Thread: sizeof(arrays)

My main goal is to find out the number of elements in an array. In my program I have something like this:

Code:

int arr1[] = {3,4,6,7};

printf("The array has %d elements.\n", sizeof(arr1)/sizeof(int));

Which works fine. The problem is when I pass the array to a function of mine and use the same print statement. the result is always 1;

the function looks something like this:

Code:

int nth(int[], int[]);


int nth(int arr1[], int arr2[]{
    printf("The array has %d elements.\n", sizeof(arr1)/sizeof(int));

    return arr1[0];
}

What am I missing here?

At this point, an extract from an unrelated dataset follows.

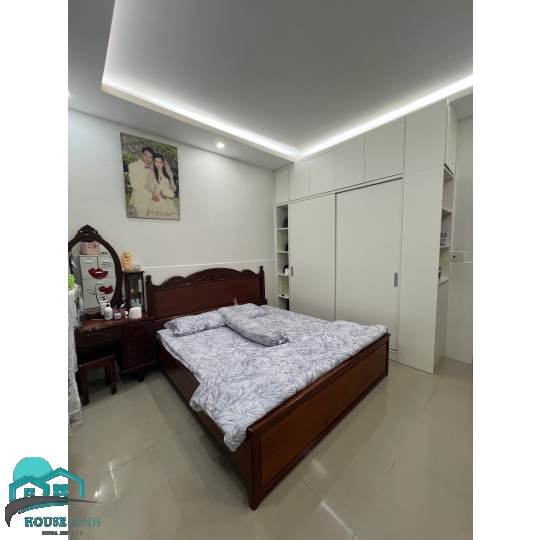 Bán nhà  quận 2 TPC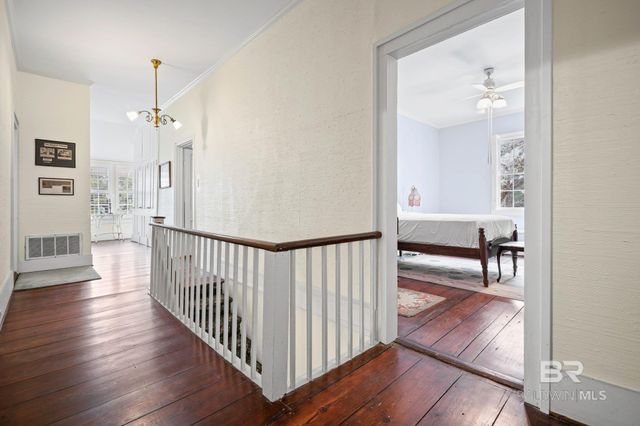 23561 Main Street, Fairhope, AL 36532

Thanks...

You can't pass arrays as parameters in C. What is actually happening is that you are passing a pointer to the first element of the array (the brackets are just syntactic sugar). You will need to pass the size as another parameter.

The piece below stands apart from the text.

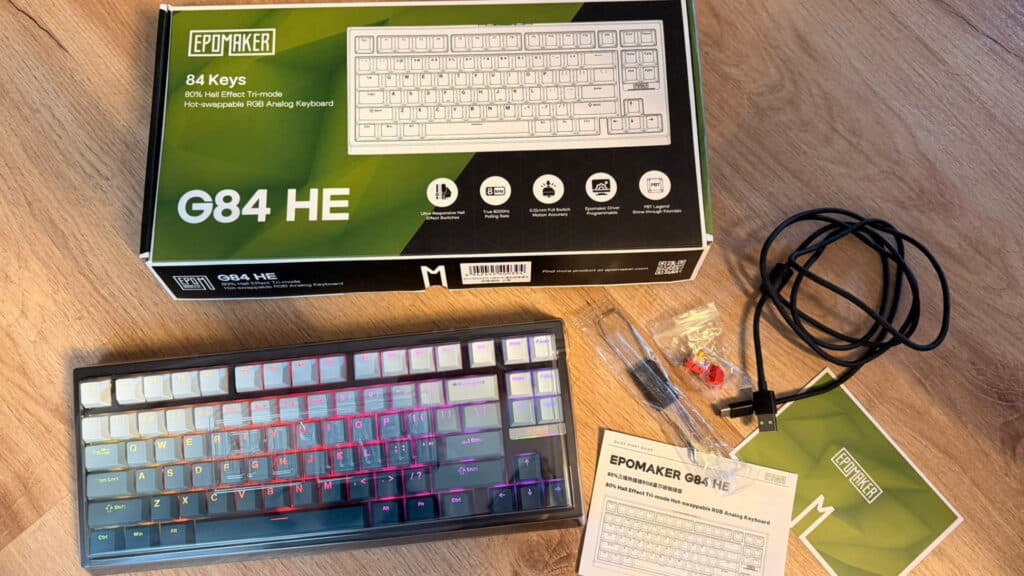 Epomaker G84 HE box (Image via Sofia Guimarães | esports.gg)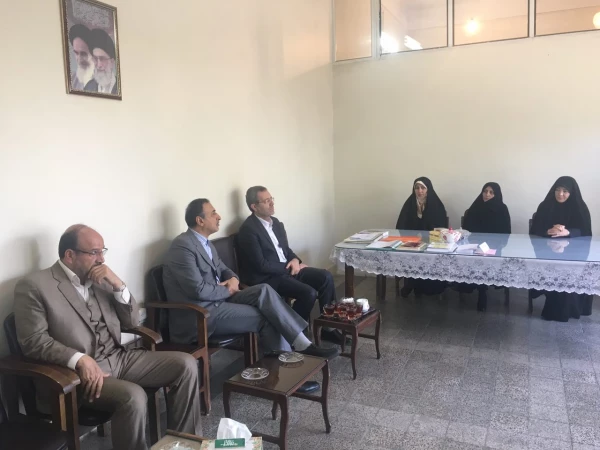 وزیر آموزش و پرورش در مرکز آموزش عالی شهید باهنر تهران: 3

When you pass an array to a function, it automatically decays to a pointer type (IE: int*). So, in your case, I assume sizeof(int*) equals sizeof(int), and you therefore get the result of 1.

The closest you could get to what you want is a macro, which also lets you abstract the type of the array:

Code:

#define NTH(A)   (sizeof(A) / sizeof((A)[0]))

Originally Posted by rt454

You can't pass arrays as parameters in C. What is actually happening is that you are passing a pointer to the first element of the array (the brackets are just syntactic sugar). You will need to pass the size as another parameter.

Ya I considered passing the size but I was hoping I could get around it to keep the parameter list down. Oh well thanks for the info.

Ronix, I read about macros like that before but I can't tell exactly what that macro you wrote means. Would you mind explaining it in a little more detail?

Originally Posted by zacs7

> So, in your case, I assume sizeof(int*) equals sizeof(int)
Very bad assumption to make in any case, esp with 64-bit being so common. But anywho.

Yeah. However, Nextstopearth said that his code yielded a value of 1, which means that sizeof(int*) and sizeof(int) are equal.